Thanks for answers, for #2 it’s a pity that it was dropped. I think if community is to really benefit from having a spec then all things typically used should be there. And since this “extension” happens to appear in basic example in “overview” presentation it simply means it’s something commonly used. The conclusion is that even ‘hello world’ example would be bound to implementation ;-)

The same touches cm and ext namespaces for blueprint.

 

Best regards,

Lukasz


From: Valentin Mahrwald [mailto:[hidden email]]
Sent: Monday, May 17, 2010 9:51 PM
To: [hidden email]
Subject: Re: questions to Overview.ppt

 

Hi Lukasz, 

 

comments below :)

 

Valentin

 

On 17 May 2010, at 13:36, Lichota, Lukasz wrote:



 

1. Slide #6 - Simplifies unit test outside either Java EE or OSGi r/t.

How can blueprint context can be unit tested outside OSGi? Any example?

 

Might have misunderstood your question, so apologies if I am trying to answer a different question.

 

I think here the point is that dependency injection as an architecture, if correctly employed, should make code more testable by fostering very loose, interface driven coupling.

 

In OSGi particular terms one benefit for example would be testing components that interact with the OSGi service registry. Using only the OSGi APIs code like the following (abridged, not bad practice!) would be non-trivial and rather annoying to unit test.

 

class MyActivator {

            ...

 

            public void start(BundleContext ctx) {

                        ServiceReference ref = ctx.getServiceReference(GreetingService.class.getName());

                        GreetingService service = (GreetingService) ctx.getService(ref);

                        service.greet();

            }

}

 

One would have to mock up BundleContext, the getServiceReference and getService method calls.

 

Whereas the equivalent(ish) code with blueprint should be significantly easier to unit test since all the code for actually getting hold of an OSGi service is handled by the container. (Similar benefits would be derived from using declarative services) In general since the integration is metadata driven and not encoded in code, the unit testing code does not have to handle it at all.

 

class Greeter {

            private GreetingService service;

            public void setGreeter(GreetingService service) { this.service = service; }

 

            public void start() {

                        service.greet();

            }

}

 

<blueprint>

            <bean class="MyBean" init-method="start">

                        <property name="greeter">

                                    <reference interface="GreetingService" />

                        </property>

            </bean>

</blueprint>

 

Of course there are still pain points of unit testing code that is injected with Bundle, BundleContext or BlueprintContainer objects.
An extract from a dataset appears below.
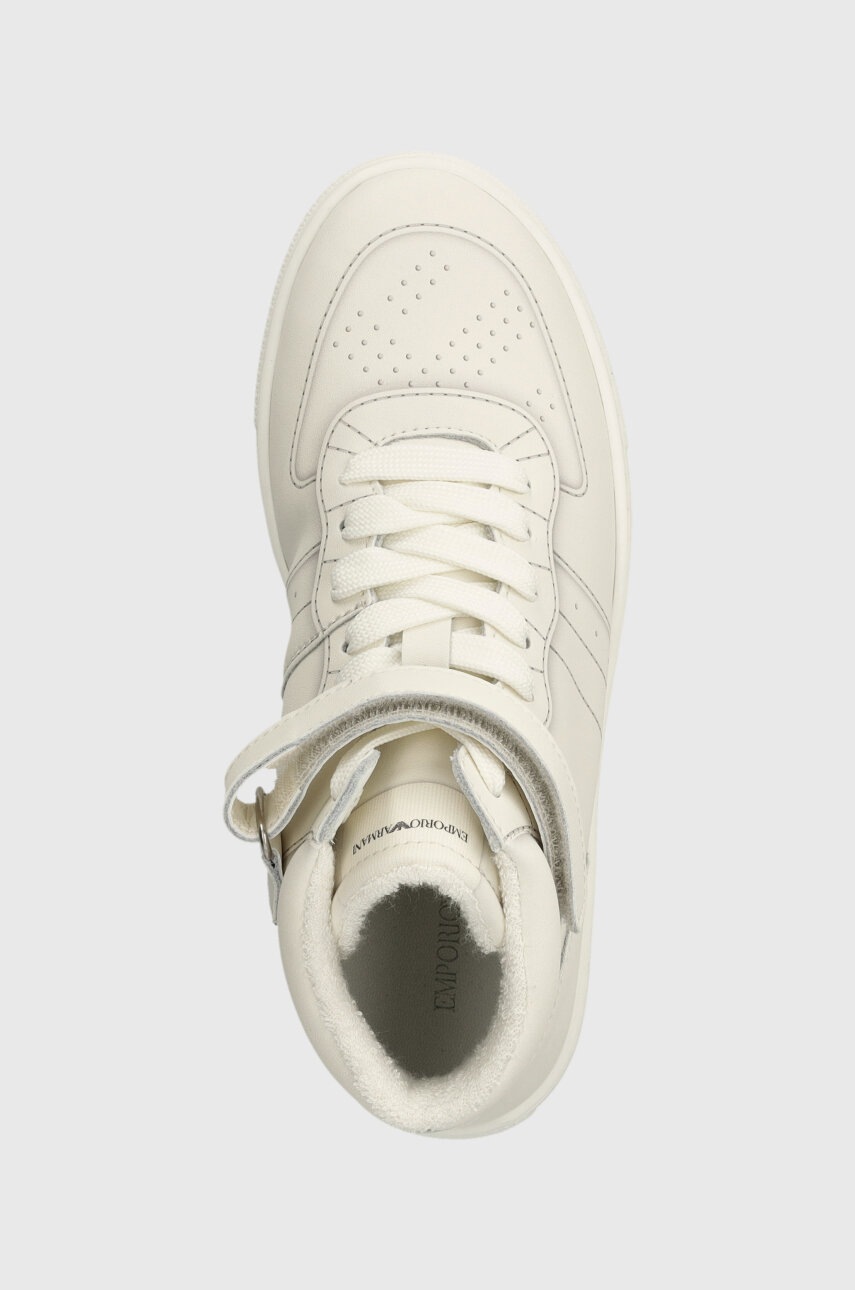 Dětské kožené sneakers boty Emporio Armani (obrázek 4)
But even then blueprint offers benefits in that the BundleContext does not have to be carefully passed from the Activator through layers of objects to wherever it is needed.

 



 

2. Slide #8 For integration of blueprint with jta/jpa aries specific namespaces are used.

 

Are there plans to include it in specification? Why doesn’t the spec address integration with blueprint? (which is also covered by the spec).

 

As far as I understand blueprint extension namespace were originally part of the blueprint spec but were dropped fairly late in the day due to technical issues. 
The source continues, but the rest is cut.